• What you have to do: No line before the one holding "Fransa-İsrail futbol maçında" is wanted; restate word for word that line and all lines after it to the end of the entries, excluding pictures.

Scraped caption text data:
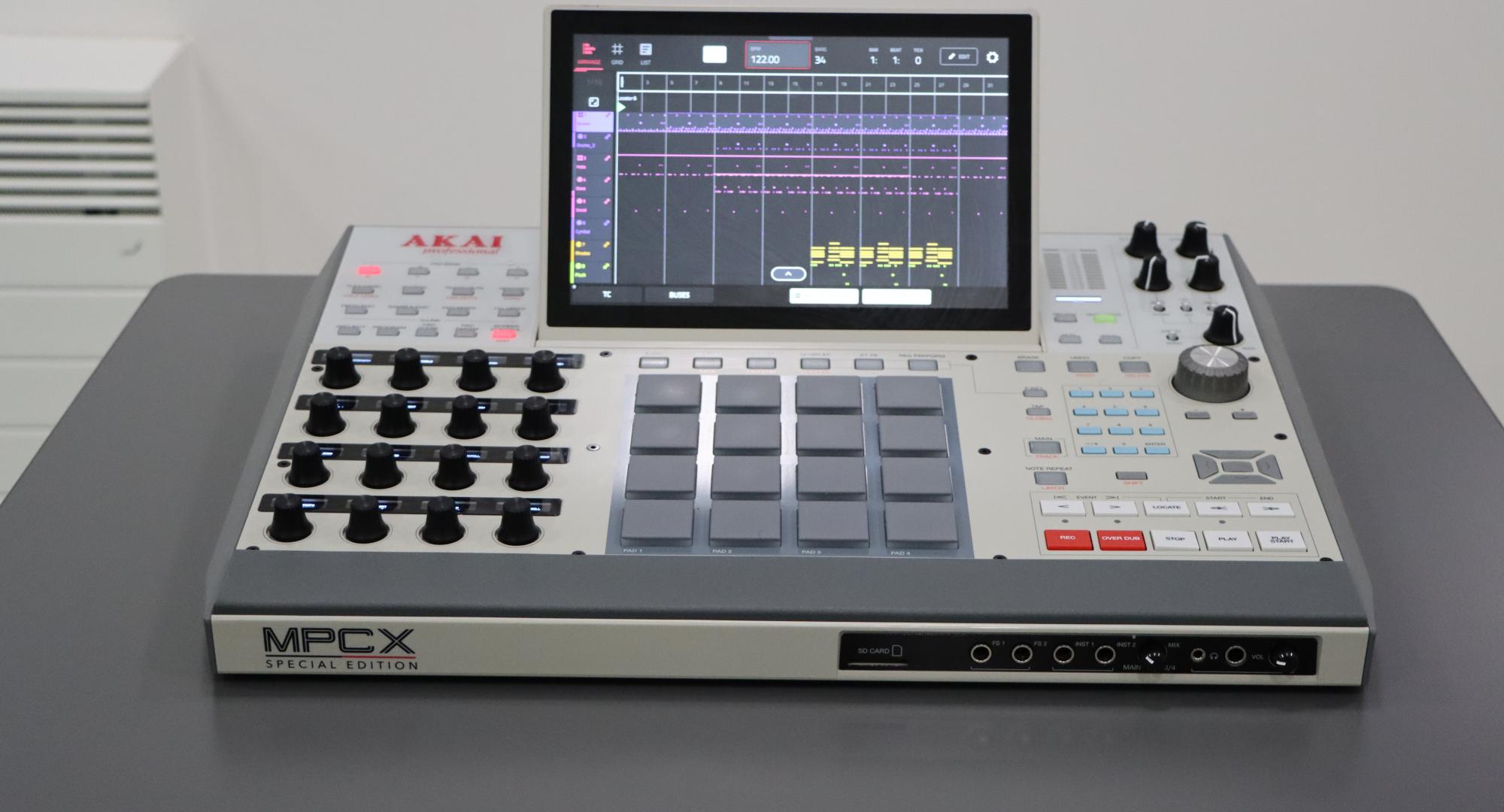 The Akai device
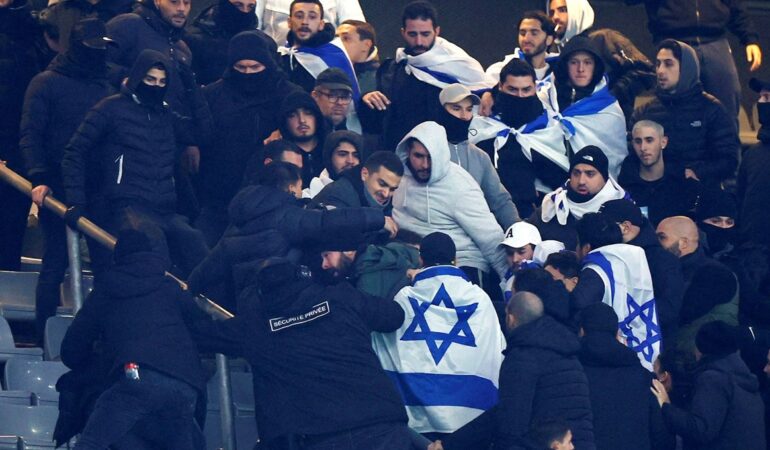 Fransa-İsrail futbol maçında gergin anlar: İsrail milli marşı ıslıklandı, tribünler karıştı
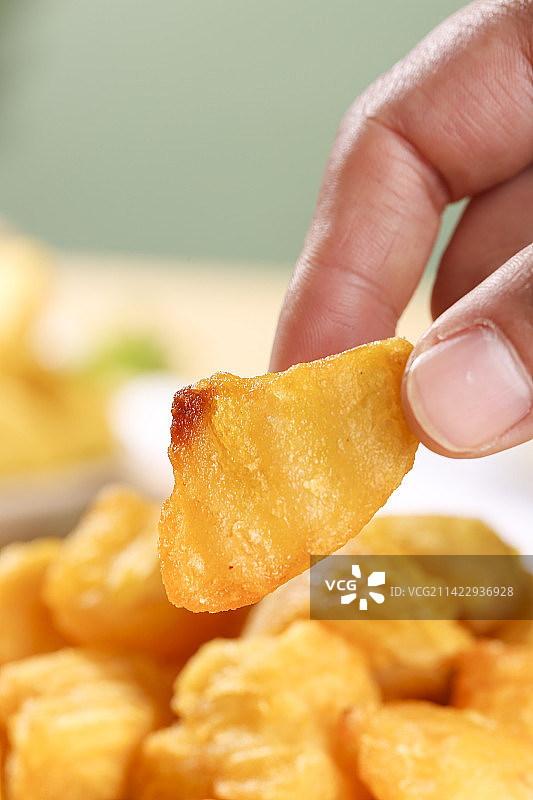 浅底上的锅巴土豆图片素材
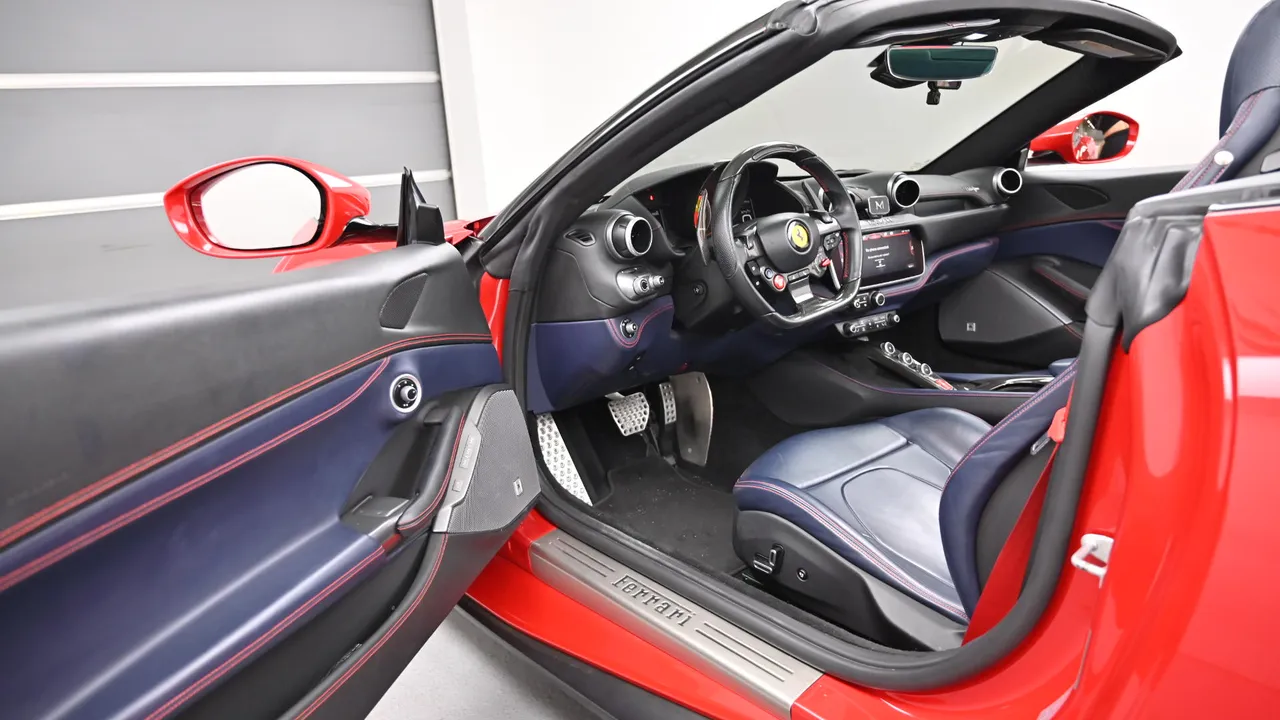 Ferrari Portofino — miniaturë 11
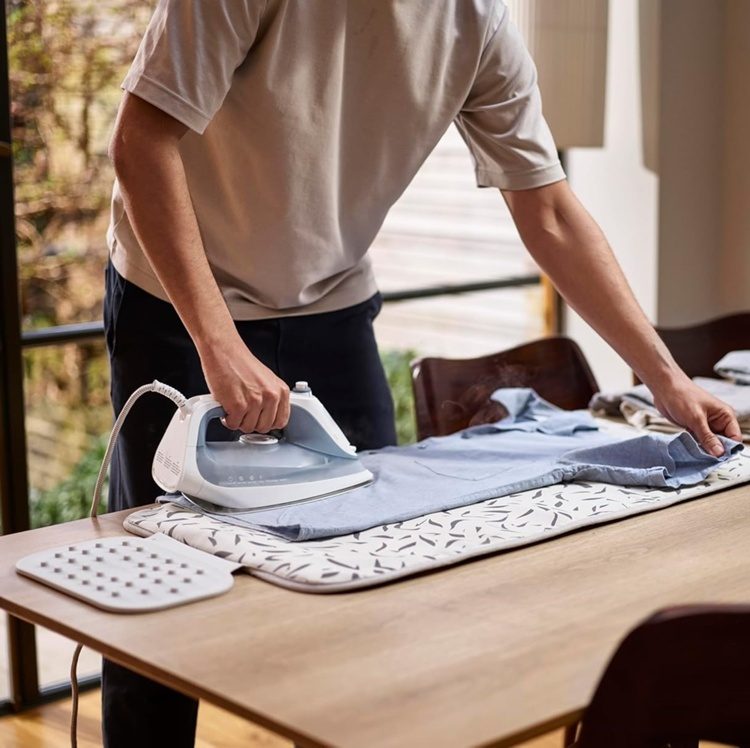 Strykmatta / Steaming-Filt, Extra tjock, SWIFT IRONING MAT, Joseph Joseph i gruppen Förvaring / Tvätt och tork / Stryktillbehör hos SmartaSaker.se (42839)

• Output of the task:
 Fransa-İsrail futbol maçında gergin anlar: İsrail milli marşı ıslıklandı, tribünler karıştı
 浅底上的锅巴土豆图片素材
 Ferrari Portofino — miniaturë 11
 Strykmatta / Steaming-Filt, Extra tjock, SWIFT IRONING MAT, Joseph Joseph i gruppen Förvaring / Tvätt och tork / Stryktillbehör hos SmartaSaker.se (42839)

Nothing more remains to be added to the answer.